ArtículosPCPS3PS4Xbox One

Dark Souls: Más allá de su dificultad

Dark Souls se acaba. Nadie sabe si esto será un adiós, un hasta pronto, o qué diablos pasará, pero La Ciudad Anillada ha puesto punto y final a la trilogía que ha arrasado en los últimos tiempos.

Muchos amigos me preguntan qué le veo a Dark Souls, qué tiene para que se haya convertido en una de mis sagas favoritas, y entiendo sus dudas surgidas por su fama. Todos conocemos la saga por ser difícil, se ha convertido para muchos en un sinónimo de «true gamer» para realzar su ego, intentando así diferenciarse de otros jugadores. Absurdo, si me preguntáis, porque reducir la experiencia de la saga a su dificultad es perder lo más importante: su mundo.
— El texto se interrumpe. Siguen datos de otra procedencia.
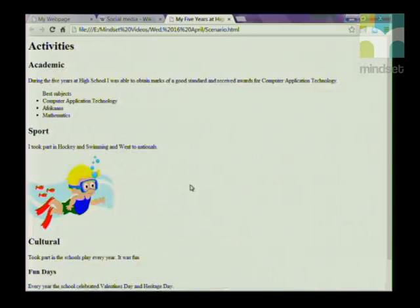Grade 12s, remember when you are planning your web page for your PAT project or any other web page, you have to plan it on paper first — decide exactly what you're going to do before you start coding. Good luck with your HTML, Grade 12s, I hope you enjoy playing around with it. Thank you for watching.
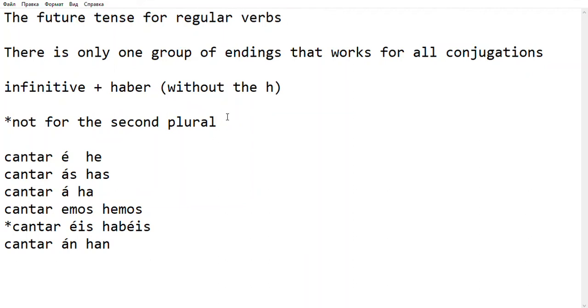Hello. This is about conjugated verbs in the future in Spanish. Actually, the future in Spanish is the easiest tense. It is easier than the present.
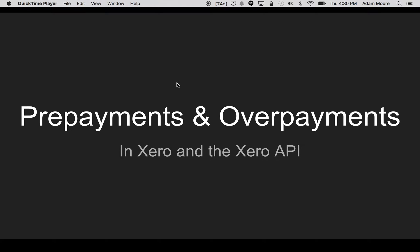Hello everyone, welcome to this video on prepayments and overpayments in Xero. I'm Adam Moore, product owner of the accounting API, and today I'll be explaining what pre and overpayments are and how they can be used in the Xero API.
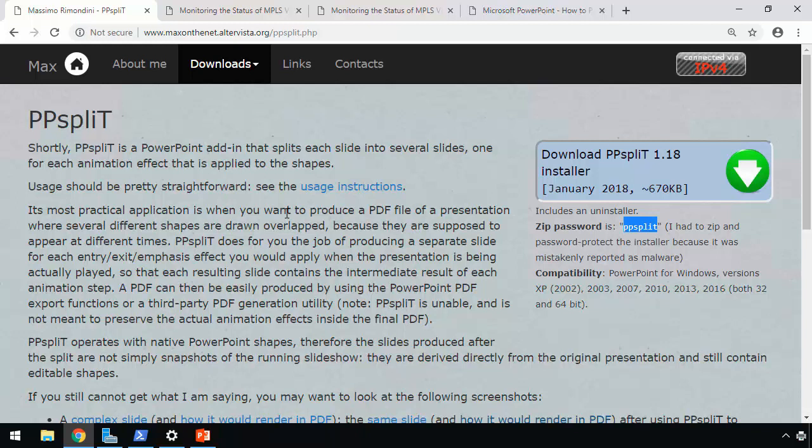And what I found, again, is a piece of freeware called ppsplit. I don't know this developer. It is open source freeware. You can download the source code from this site as well. And I'm going to walk you through how to install it.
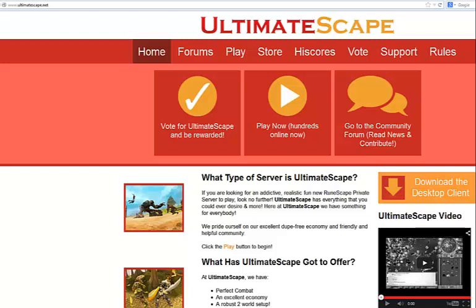Hello everyone, welcome to UltimateScape. In this quick video I'm going to be showing you how to download, extract, and update your desktop client.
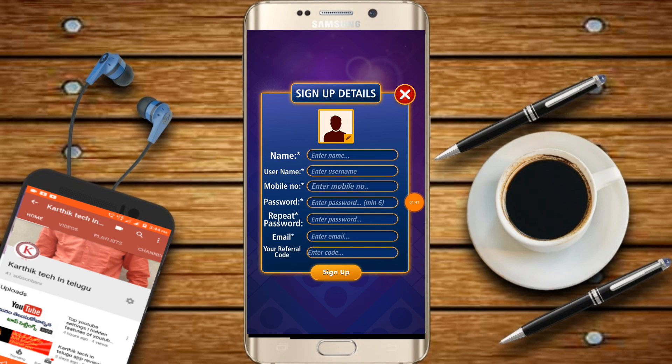Please click on the sign-up button and fill in your name, username, and password. Then please click on the username, password, and email fields.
El mundo de Dark Souls está lleno de mitología, pequeñas historias personales y un viaje de superación constante.

Cuando jugué por primera vez a la saga no la enfoqué de la forma adecuada, de hecho, no pasé del tutorial porque no sentí nada especial en él, me pareció un juego que inflaba su dificultad y punto. Tiempo después, cuando le di una nueva oportunidad es cuando comencé a sentir la verdadera esencia de la saga.

Es algo que conocemos los que ahondamos en él, los que dedicamos horas a buscar los fragmentos de historia y nos interesamos por sus personaje secundarios, que son pocos pero valiosos. Dark Souls es un juego sobre la superación, la empresa personal de alguien desesperado que lucha con todas sus fuerzas para conseguir dar un sentido a su vida.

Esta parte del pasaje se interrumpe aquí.